The Jeager LeCoutre Atmos is an amazing invention... long before solar or quartz they produced a clock you didn't have to wind...powered by the fluctuations of temperature that occur in any house. Its an innovative idea and they manufactured these clocks so effectively and efficiently that I fell in love with them.










There have been may tweeks over the years...the glass cover changed for a glass door instead, some bigger and smaller versions...and a few more unusual designs that you couldn't see through but there you have the basic Atmos. Now they have reinvented and produce the Newson 568 model. It certainly looks modern, maybe too modern for my liking but its good to see the boundaries being pushed.

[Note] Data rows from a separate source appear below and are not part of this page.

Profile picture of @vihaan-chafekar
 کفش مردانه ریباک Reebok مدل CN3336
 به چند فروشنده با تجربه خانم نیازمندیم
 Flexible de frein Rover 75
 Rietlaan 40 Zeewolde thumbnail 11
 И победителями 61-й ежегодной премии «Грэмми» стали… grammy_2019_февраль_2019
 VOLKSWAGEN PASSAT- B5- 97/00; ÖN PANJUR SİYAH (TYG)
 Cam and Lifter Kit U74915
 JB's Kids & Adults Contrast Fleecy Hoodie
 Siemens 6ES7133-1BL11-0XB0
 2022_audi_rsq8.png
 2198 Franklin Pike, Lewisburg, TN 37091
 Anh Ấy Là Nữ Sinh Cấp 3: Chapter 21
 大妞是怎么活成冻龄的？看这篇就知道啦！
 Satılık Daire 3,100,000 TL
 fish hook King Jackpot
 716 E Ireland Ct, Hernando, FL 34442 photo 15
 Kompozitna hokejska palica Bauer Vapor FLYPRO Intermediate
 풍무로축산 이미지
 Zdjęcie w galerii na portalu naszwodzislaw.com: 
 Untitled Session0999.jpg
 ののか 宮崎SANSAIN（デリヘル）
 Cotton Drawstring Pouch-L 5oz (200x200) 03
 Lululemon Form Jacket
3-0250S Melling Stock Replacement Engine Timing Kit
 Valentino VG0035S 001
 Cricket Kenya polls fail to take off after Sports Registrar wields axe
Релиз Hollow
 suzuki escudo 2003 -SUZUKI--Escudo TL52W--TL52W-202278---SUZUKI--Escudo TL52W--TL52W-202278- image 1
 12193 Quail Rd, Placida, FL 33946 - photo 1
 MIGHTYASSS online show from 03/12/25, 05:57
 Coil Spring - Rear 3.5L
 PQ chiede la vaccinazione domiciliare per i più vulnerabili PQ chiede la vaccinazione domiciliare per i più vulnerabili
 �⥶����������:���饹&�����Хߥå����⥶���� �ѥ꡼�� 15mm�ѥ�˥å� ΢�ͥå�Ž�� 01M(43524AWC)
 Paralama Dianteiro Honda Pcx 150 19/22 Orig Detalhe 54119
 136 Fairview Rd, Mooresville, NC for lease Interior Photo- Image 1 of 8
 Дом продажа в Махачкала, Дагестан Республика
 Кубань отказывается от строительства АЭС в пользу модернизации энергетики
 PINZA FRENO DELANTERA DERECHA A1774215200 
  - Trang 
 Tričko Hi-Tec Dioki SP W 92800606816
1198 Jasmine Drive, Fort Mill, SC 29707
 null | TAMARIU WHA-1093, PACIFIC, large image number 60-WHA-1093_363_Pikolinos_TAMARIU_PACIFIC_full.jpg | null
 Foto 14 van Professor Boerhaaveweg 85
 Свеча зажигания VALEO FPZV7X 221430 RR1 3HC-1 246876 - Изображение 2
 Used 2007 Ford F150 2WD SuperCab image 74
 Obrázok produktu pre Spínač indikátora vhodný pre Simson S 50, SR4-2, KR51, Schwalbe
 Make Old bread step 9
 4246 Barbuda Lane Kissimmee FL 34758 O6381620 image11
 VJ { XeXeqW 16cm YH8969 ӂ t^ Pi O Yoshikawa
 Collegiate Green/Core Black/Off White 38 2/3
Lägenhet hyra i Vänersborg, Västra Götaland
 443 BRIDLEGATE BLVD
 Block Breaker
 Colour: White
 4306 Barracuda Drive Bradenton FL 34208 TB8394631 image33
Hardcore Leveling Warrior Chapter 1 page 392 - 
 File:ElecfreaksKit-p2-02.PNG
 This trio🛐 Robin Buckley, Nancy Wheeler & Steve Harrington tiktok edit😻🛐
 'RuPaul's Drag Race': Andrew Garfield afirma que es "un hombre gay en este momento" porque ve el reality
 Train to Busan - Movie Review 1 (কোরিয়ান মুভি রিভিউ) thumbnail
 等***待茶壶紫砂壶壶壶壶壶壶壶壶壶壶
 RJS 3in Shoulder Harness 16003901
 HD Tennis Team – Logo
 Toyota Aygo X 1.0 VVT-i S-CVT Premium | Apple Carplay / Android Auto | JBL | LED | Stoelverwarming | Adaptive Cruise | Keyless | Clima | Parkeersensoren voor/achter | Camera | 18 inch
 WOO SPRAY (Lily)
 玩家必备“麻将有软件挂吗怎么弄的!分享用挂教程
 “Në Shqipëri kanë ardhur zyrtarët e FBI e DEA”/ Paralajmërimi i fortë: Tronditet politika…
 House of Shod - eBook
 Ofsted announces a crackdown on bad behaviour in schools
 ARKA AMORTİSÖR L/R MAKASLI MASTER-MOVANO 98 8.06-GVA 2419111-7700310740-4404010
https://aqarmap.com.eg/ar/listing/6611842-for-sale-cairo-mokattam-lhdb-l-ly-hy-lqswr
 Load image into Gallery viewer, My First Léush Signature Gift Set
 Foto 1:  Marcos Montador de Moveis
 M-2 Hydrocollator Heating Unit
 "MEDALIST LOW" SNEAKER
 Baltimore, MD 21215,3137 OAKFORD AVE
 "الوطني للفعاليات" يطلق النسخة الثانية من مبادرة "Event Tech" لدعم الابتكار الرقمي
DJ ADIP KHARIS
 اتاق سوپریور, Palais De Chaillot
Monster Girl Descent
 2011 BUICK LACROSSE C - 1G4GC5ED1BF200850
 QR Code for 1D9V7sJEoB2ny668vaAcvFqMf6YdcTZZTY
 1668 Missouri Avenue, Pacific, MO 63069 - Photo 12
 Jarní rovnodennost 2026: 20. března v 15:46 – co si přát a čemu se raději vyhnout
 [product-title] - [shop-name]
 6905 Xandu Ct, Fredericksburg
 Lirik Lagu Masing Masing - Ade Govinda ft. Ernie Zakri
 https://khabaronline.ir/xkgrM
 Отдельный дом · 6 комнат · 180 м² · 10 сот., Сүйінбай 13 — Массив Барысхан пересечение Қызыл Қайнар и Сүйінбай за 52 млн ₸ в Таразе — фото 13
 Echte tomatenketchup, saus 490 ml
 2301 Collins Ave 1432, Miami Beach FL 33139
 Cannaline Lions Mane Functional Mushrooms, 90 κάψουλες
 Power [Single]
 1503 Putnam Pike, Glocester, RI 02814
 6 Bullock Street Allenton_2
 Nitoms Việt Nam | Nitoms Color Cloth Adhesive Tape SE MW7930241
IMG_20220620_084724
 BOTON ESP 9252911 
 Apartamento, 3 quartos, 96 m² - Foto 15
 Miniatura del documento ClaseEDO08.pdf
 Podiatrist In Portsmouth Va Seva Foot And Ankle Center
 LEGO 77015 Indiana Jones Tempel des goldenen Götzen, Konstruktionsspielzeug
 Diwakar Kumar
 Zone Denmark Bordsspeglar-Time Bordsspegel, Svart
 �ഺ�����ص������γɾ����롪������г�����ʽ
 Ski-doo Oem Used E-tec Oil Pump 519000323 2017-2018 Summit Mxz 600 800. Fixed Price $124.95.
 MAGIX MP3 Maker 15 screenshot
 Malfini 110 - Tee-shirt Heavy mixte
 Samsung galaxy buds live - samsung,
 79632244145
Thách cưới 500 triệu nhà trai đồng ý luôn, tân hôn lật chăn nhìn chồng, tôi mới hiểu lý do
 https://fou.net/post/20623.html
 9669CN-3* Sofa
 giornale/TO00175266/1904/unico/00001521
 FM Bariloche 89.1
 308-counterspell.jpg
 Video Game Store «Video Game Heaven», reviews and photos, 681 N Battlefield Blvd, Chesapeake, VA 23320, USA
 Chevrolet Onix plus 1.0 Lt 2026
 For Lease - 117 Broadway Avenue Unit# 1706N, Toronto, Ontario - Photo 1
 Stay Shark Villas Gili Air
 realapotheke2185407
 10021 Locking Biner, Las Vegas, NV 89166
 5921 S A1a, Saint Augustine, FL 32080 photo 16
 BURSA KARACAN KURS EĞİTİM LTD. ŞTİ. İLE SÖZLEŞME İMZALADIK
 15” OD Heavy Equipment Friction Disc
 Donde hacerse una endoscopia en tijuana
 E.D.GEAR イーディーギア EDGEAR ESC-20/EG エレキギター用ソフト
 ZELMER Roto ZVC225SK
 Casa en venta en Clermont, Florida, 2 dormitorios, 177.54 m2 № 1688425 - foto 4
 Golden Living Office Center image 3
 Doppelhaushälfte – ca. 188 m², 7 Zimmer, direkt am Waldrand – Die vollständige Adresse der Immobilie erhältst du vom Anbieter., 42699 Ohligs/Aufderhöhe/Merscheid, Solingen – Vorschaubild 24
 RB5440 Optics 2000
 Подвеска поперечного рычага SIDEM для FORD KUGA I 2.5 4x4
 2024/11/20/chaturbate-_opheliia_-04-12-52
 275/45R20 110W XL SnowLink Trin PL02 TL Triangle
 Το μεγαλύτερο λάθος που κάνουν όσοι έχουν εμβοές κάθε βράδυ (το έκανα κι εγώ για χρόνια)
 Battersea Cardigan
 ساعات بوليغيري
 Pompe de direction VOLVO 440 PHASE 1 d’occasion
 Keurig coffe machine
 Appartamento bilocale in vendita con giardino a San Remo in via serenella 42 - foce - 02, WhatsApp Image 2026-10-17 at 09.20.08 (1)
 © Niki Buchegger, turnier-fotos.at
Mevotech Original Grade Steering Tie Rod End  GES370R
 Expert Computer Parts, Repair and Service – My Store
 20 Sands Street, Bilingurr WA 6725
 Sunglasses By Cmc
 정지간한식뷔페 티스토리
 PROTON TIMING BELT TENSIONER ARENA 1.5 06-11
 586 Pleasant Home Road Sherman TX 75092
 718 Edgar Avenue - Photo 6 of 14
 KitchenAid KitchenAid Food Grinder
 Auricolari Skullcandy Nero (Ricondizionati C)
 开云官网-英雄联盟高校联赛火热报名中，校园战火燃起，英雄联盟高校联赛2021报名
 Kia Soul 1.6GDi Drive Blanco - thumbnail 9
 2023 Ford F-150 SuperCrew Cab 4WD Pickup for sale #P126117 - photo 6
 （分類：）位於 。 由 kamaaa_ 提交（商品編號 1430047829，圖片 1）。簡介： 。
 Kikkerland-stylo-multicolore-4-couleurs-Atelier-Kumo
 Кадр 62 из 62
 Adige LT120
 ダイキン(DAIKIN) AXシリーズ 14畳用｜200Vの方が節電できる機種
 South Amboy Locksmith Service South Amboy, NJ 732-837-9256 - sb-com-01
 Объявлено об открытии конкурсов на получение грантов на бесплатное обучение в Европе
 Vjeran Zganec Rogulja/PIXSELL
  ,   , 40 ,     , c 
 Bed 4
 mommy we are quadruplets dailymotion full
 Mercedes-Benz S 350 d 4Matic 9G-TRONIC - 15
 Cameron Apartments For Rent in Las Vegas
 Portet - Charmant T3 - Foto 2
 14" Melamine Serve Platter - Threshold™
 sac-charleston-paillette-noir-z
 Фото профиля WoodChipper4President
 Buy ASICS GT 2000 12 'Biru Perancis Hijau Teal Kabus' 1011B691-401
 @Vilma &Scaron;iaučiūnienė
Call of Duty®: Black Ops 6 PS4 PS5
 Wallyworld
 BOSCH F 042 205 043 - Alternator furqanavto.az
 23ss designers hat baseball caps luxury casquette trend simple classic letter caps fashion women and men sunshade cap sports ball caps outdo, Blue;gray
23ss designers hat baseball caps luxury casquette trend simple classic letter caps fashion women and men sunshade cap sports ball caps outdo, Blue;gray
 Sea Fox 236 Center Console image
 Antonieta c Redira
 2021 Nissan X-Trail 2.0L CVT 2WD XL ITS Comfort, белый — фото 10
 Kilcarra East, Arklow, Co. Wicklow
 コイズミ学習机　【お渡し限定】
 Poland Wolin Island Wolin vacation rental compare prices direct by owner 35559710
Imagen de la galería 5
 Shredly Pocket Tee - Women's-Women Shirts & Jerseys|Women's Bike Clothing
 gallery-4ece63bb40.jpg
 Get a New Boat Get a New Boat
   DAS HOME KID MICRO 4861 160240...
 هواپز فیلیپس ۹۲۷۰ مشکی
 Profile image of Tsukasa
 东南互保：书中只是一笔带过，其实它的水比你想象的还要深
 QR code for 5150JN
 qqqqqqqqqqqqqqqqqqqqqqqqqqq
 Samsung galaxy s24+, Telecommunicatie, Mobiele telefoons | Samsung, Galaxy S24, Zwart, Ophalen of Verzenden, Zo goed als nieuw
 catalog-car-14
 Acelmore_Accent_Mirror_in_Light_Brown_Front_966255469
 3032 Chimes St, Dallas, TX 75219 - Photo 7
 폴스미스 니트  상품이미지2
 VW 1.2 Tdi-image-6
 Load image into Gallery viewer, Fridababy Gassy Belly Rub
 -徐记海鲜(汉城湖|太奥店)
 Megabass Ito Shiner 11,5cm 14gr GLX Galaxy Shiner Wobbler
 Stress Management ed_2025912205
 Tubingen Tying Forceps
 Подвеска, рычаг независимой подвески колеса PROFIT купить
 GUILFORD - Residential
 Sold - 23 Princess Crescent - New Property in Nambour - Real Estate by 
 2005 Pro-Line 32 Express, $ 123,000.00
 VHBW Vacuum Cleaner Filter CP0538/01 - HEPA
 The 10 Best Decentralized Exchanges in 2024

What do you think of that?


----------



## SBryantgb (Jul 2, 2015)

if Apple made clocks :yes:


----------



## Daveyboyz (Mar 9, 2016)

If Apple made it then it would be double the price and half as good...


----------



## dobra (Aug 20, 2009)

Here is another model, but not sure which one. Taken from an advert. Fabulous!


----------



## harryblakes7 (Oct 1, 2010)

Daveyboyz said:


> The Jeager LeCoutre Atmos is an amazing invention... long before solar or quartz they produced a clock you didn't have to wind...powered by the fluctuations of temperature that occur in any house. Its an innovative idea and they manufactured these clocks so effectively and efficiently that I fell in love with them.
> 
> 
> 
> ...


 They are lovely clocks, i have just got the full service manuals for them as they are a derivative of the anniversary clock in some respects. The older models have the full set of larger jewels in them, and the early art deco versions and "pre" JLC ones by Reutter are highly valued


----------



## Daveyboyz (Mar 9, 2016)

I have a late 1950's (I think) calibre 528-6 with a serial number 103,000... any clue if that has the larger jewels? What are they ruby?


----------